(Saved entries)
= = = = =

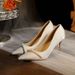 Women S Cm Satin Pointed Toe Stiletto Heels Beige Pearl Decorated High Heel Shoes For Wedding Banquet Formal Occasions_vogvips.com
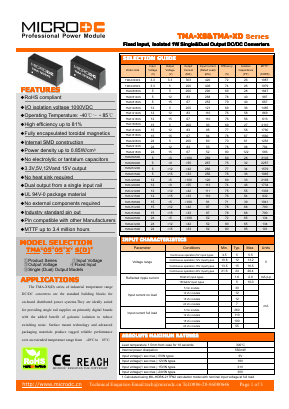 TMA0512XD Datasheet PDF Microdc power Technology Co., Ltd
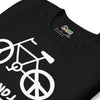 T-shirt unisexe Peace and Vélo (Lettrage clair)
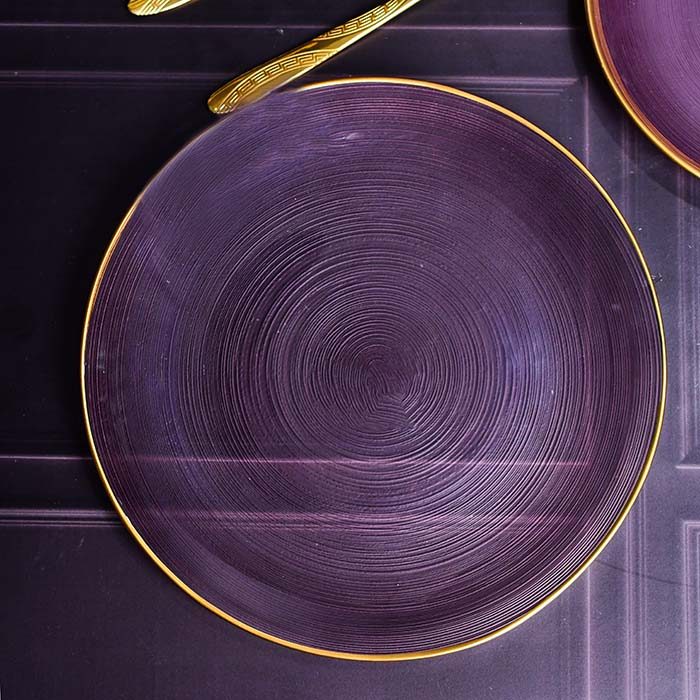 Plate set Purple with Gold line set of 7 - photo 4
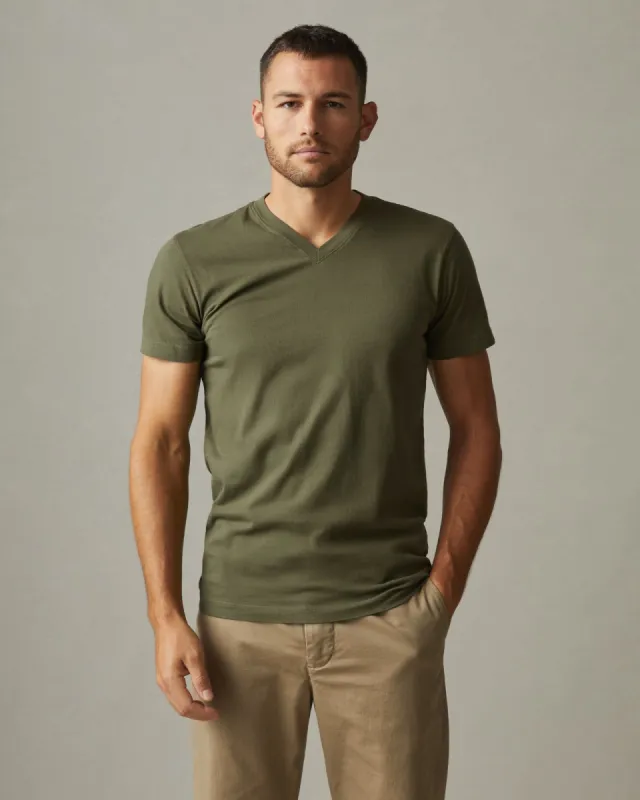Classic Cotton V-Neck Tee - Moss sold by American Giant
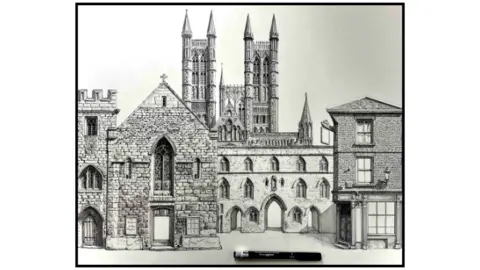 Matthew Wright A black and white drawing of the front of Lincoln Cathedral, with a pen at the bottom.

= = = = =

#### [Exercise]
Nothing but the lines from the line containing "TMA0512XD Datasheet PDF" through the last line of the records above should be written out, exactly and without the pictures.

#### [Exercise answer]
 TMA0512XD Datasheet PDF Microdc power Technology Co., Ltd
 T-shirt unisexe Peace and Vélo (Lettrage clair)
 Plate set Purple with Gold line set of 7 - photo 4
Classic Cotton V-Neck Tee - Moss sold by American Giant
 Matthew Wright A black and white drawing of the front of Lincoln Cathedral, with a pen at the bottom.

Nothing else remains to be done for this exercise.